Reviewed by Zachary Brittsan (Texas Tech University)
Published on H-LatAm (February, 2018)
Commissioned by Casey M. Lurtz (Johns Hopkins University)
The Blood Contingent revisits military power and the making of the nation in late nineteenth-century Mexico. Beyond merely assessing the success or failure of this endeavor—much less why influential leaders pursued modernity as they did—Stephen Neufeld explores how this halting and incomplete process was manifest in the discursive and practical experiences of military men. Although the author leans on the writings of military officers to tell the story of la vida militar between 1880 and 1905, he reads these sources against personnel records, newspaper accounts, popular songs, poems, and images to place subaltern officers, everyday soldiers, and soldaderas on center stage. Neufeld’s wide-ranging findings strike the necessarily delicate balance of explaining how the military failed to consolidate a sense of nationhood during the nineteenth century while simultaneously undercutting regionalism and quelling indigenous rebellion.

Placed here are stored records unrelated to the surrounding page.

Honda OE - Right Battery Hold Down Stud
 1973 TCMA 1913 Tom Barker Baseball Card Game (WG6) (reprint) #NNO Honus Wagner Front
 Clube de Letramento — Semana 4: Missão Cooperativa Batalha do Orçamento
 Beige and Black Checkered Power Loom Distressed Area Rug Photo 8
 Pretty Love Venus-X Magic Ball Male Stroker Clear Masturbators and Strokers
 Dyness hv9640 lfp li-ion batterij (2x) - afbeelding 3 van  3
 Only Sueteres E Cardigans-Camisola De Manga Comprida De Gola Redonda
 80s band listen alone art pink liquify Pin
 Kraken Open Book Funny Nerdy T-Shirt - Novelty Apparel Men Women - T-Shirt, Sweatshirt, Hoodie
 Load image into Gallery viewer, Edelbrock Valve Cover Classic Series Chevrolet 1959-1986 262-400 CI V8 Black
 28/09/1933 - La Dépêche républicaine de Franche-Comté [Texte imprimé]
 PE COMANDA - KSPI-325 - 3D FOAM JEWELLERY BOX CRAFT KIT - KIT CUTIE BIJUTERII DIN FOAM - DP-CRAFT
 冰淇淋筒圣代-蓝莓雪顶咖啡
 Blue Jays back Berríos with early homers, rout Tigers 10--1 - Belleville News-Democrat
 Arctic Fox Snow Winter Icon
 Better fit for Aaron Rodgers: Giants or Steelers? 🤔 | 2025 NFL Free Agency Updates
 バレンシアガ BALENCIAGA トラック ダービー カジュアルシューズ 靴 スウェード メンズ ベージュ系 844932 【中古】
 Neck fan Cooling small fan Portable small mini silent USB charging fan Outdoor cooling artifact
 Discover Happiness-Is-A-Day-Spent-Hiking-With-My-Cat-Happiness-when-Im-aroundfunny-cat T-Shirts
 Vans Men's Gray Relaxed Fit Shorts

Despite the long-standing existence of legal prohibitions against conscription and corporal punishment, new soldiers often entered the military against their will in a process Neufeld compares with the practice of rapto y estupro visited upon young, unmarried women. Once safely ensconced in urban army barracks far from home, officers subjected soldiers to regular physical and verbal abuse while assigning them to emasculating cleaning duties that would theoretically prepare them to be reeducated as fighting patriots. While daily pay, opportunities to obtain literacy, and the chance to build a new community or pursue adventure did keep some soldiers at arms, Neufeld finds that coercive practices perpetuated resentment between officers and soldiers and fueled public distrust of the military. High rates of desertion and legal petitions for freedom from impressment attest to this fact, even as upwards of two hundred thousand men shared the experience of having served in the Porfirian army.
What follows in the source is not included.